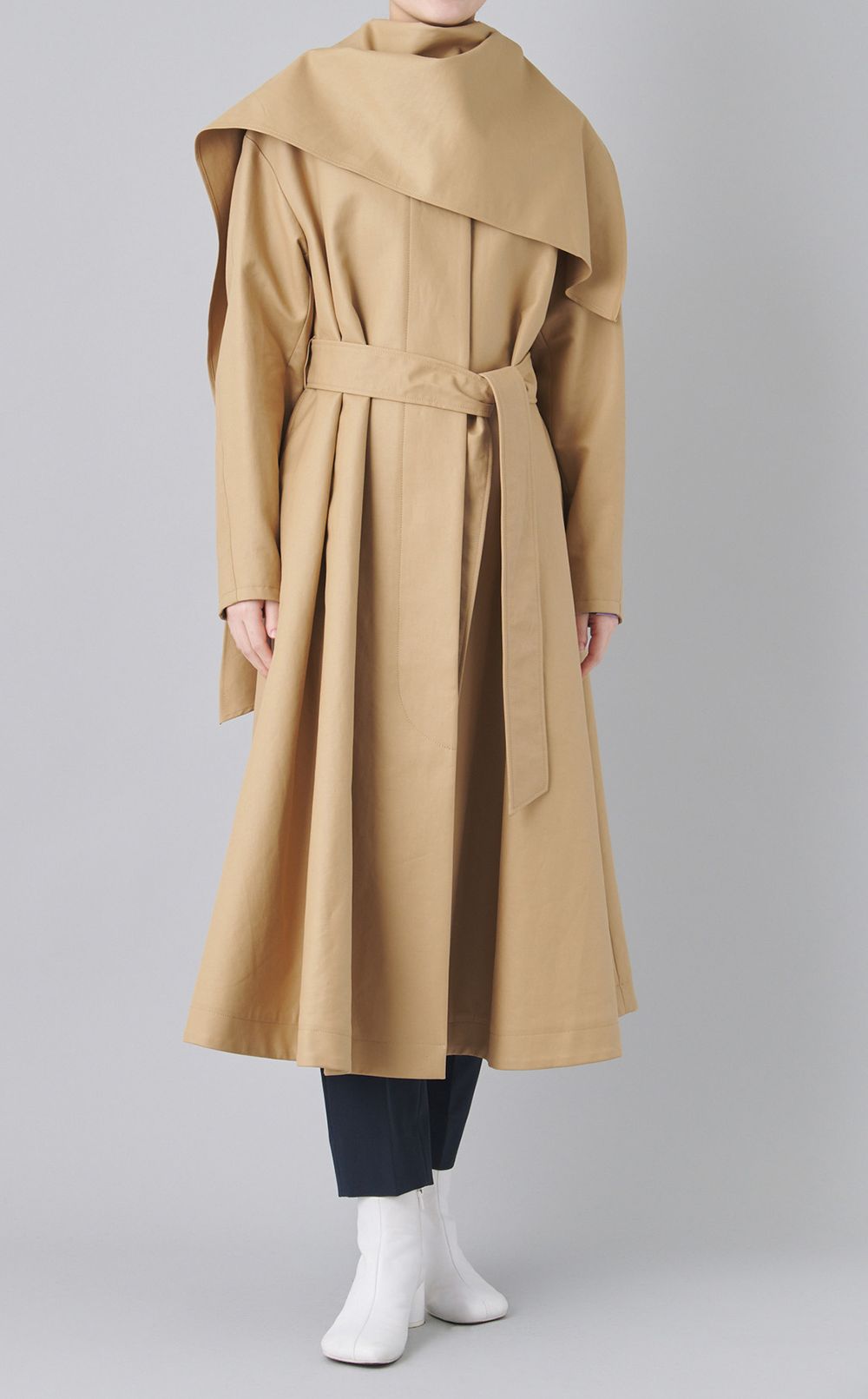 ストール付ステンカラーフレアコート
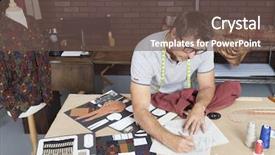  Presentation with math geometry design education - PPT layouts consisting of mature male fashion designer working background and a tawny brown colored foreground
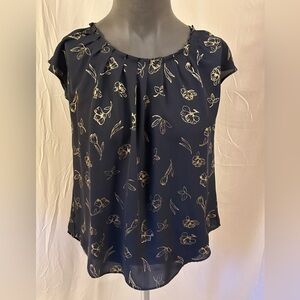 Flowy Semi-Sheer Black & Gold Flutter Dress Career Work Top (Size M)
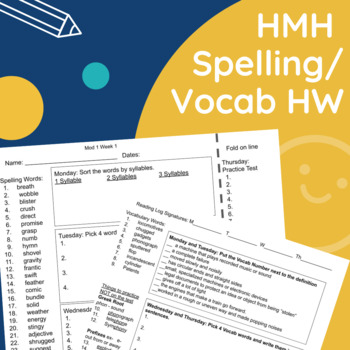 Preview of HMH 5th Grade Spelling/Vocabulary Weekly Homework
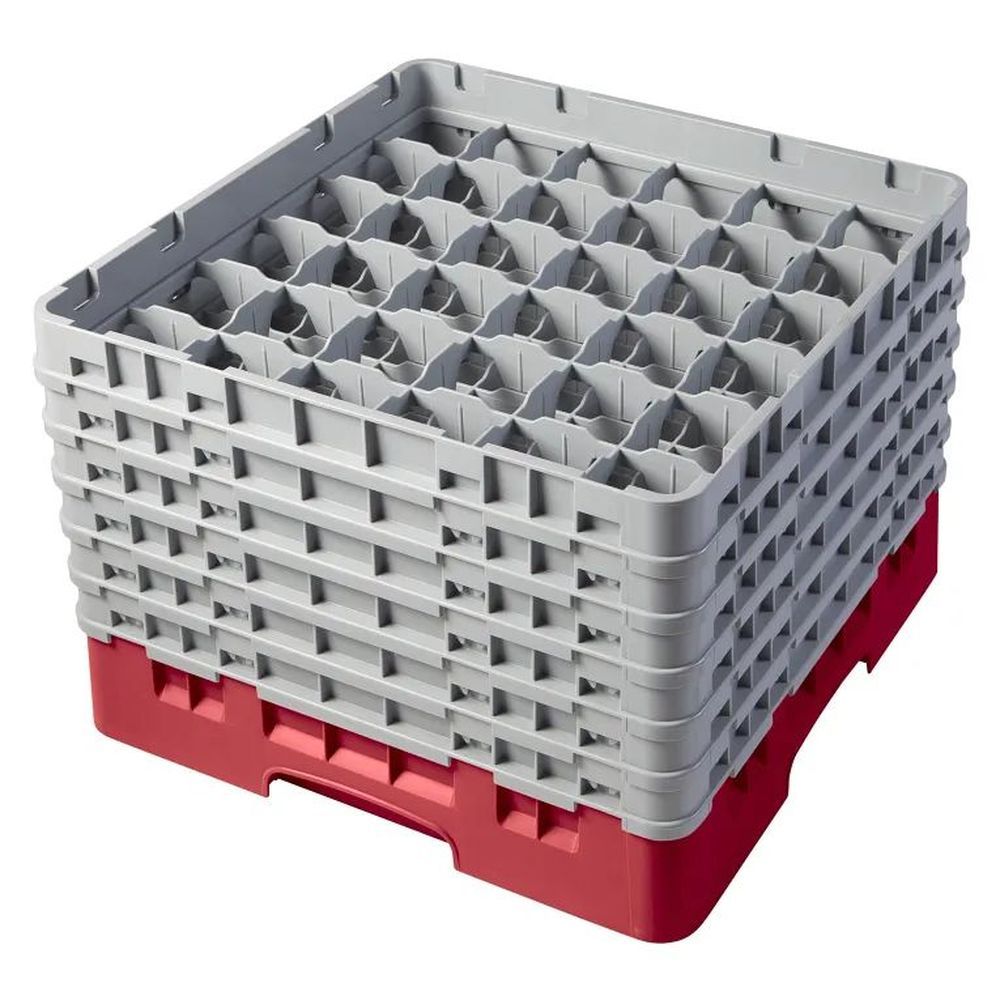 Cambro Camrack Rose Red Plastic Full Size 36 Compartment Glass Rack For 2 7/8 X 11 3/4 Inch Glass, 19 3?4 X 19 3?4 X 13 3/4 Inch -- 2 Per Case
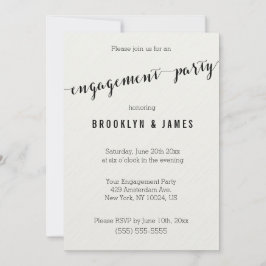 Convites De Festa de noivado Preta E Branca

### Task directions
All lines from the one holding "Flowy Semi-Sheer Black" through the last line of the records need to be copied exactly, both ends included, and the pictures left behind.

### Written answer
 Flowy Semi-Sheer Black & Gold Flutter Dress Career Work Top (Size M)
 Preview of HMH 5th Grade Spelling/Vocabulary Weekly Homework
 Cambro Camrack Rose Red Plastic Full Size 36 Compartment Glass Rack For 2 7/8 X 11 3/4 Inch Glass, 19 3?4 X 19 3?4 X 13 3/4 Inch -- 2 Per Case
 Convites De Festa de noivado Preta E Branca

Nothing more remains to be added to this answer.